### What you need to do:
Through the line with "Drymarchon couperi Scat" and starting from the first line, return the records below word for word, with pictures left out.

%%

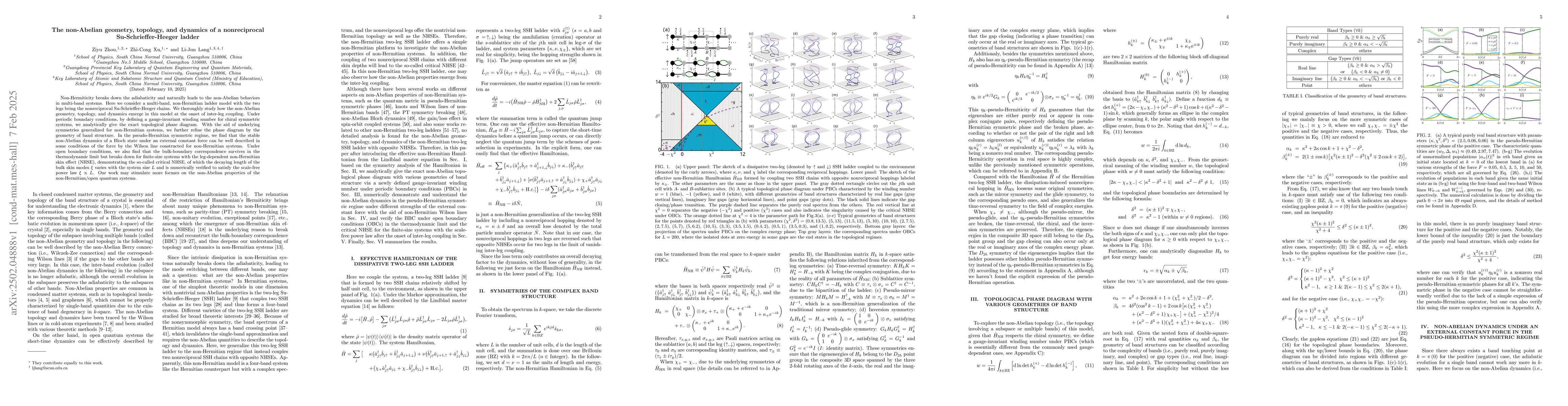 Thumbnail for The non-Abelian geometry, topology, and dynamics of a nonreciprocal
  Su-Schrieffer-Heeger ladder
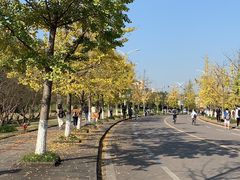 -霸王牛肉(龙湖U城店)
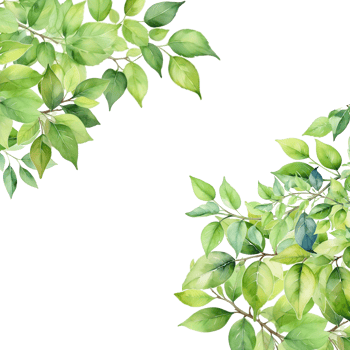 Leaves branch frame background, foliage isolated border png
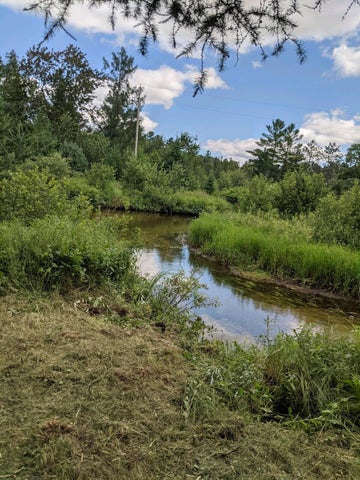 56 Acres of Woodlands & Waterfront Serenity in Atlanta MI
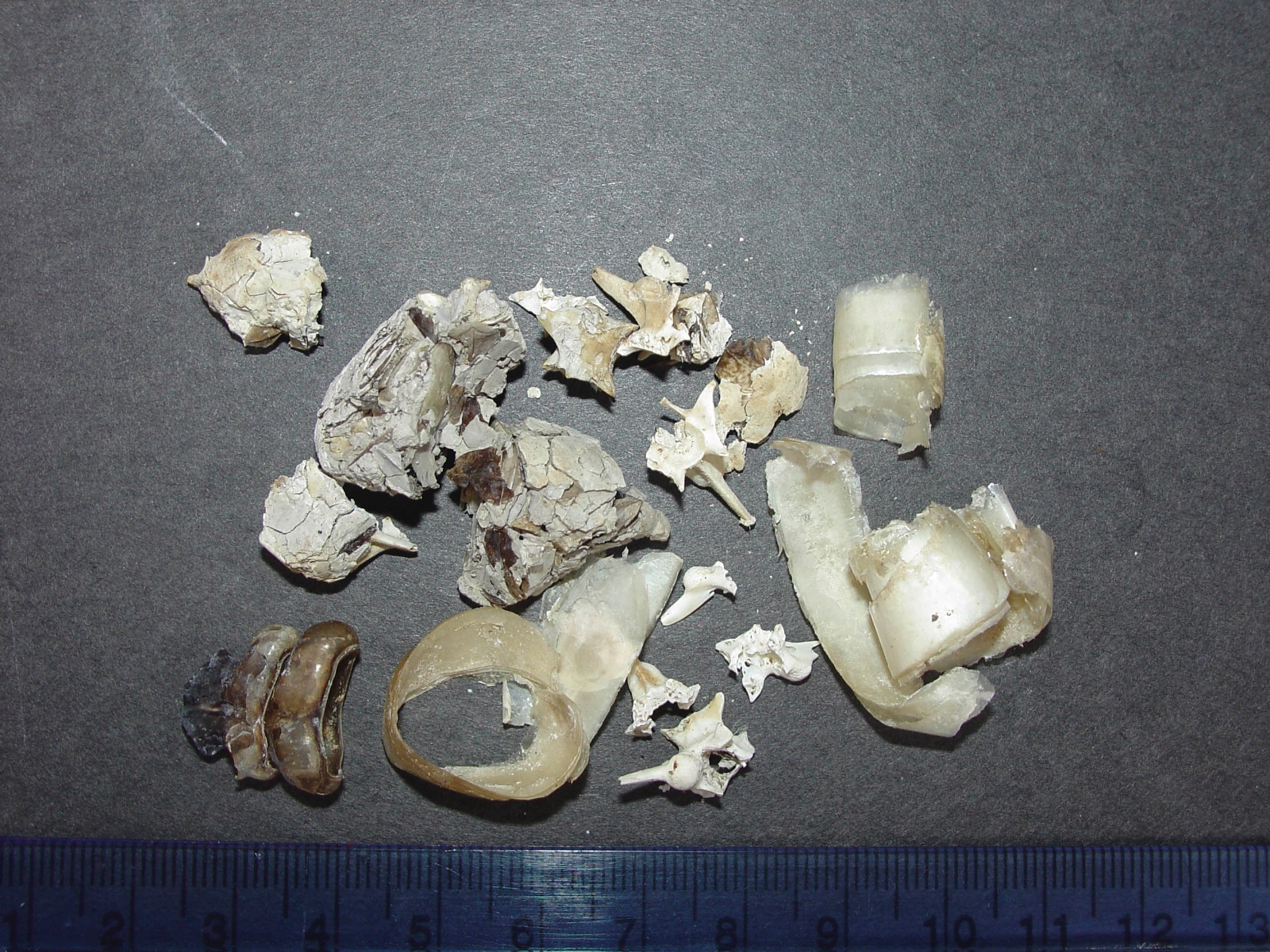 Drymarchon couperi Scat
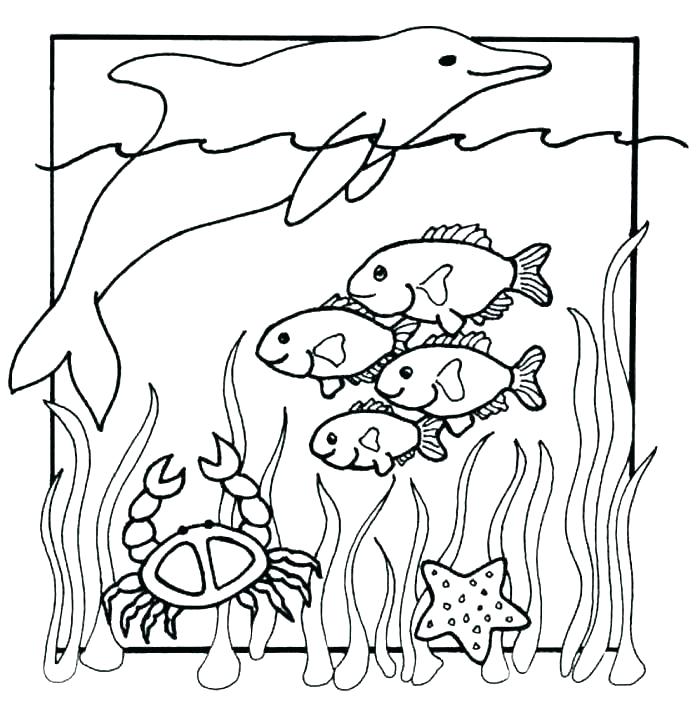 Ocean Animal Coloring Pages For Toddlers Of Sea Animals Marine 700x707 Ocean Animal Coloring Pages For Toddlers Of Sea Animals Marine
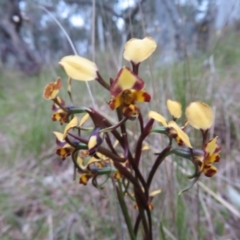 Diuris pardina (Leopard Doubletail) at Hall, ACT - 28 Sep 2021 by Christine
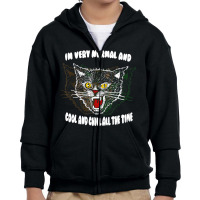 Angry Cat Iâ€™m Very Normal And Cool And Chil Youth Zipper Hoodie | Artistshot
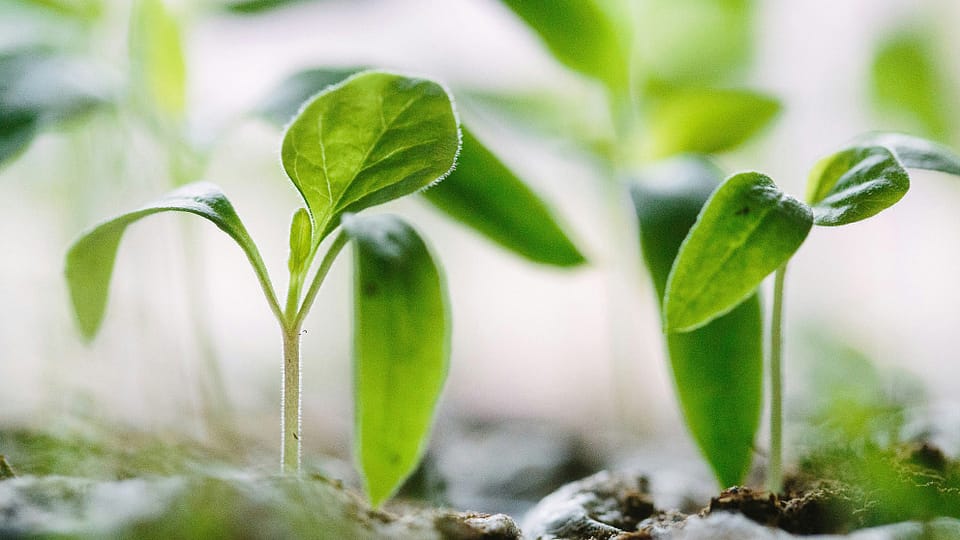 Jeunes plantes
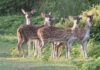 जंगल सफारी में दिखा हिरणों एवं गौर का झुंड, वीटीआर की हरियाली ने जीता दिल।
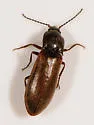 Acteniceromorphus sagitticollis - photo 4
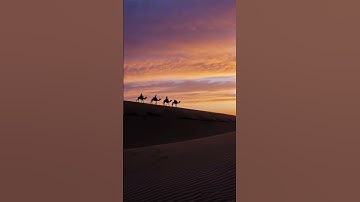 Camels walk in desert  # #desert #camel #nature #travel #peace #smoothmusic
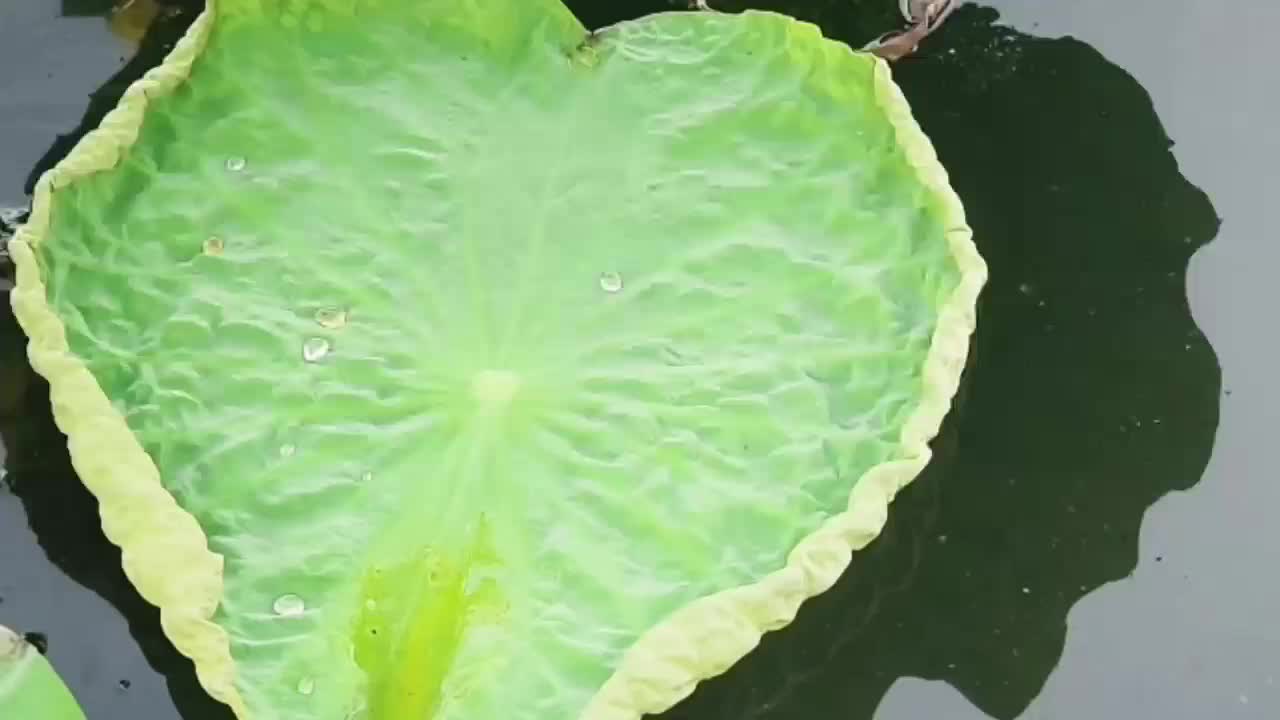 泌陽(yáng)濕地公園：一池荷色動(dòng)夏光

%%

### Answer section:
 Thumbnail for The non-Abelian geometry, topology, and dynamics of a nonreciprocal
  Su-Schrieffer-Heeger ladder
 -霸王牛肉(龙湖U城店)
 Leaves branch frame background, foliage isolated border png
 56 Acres of Woodlands & Waterfront Serenity in Atlanta MI
 Drymarchon couperi Scat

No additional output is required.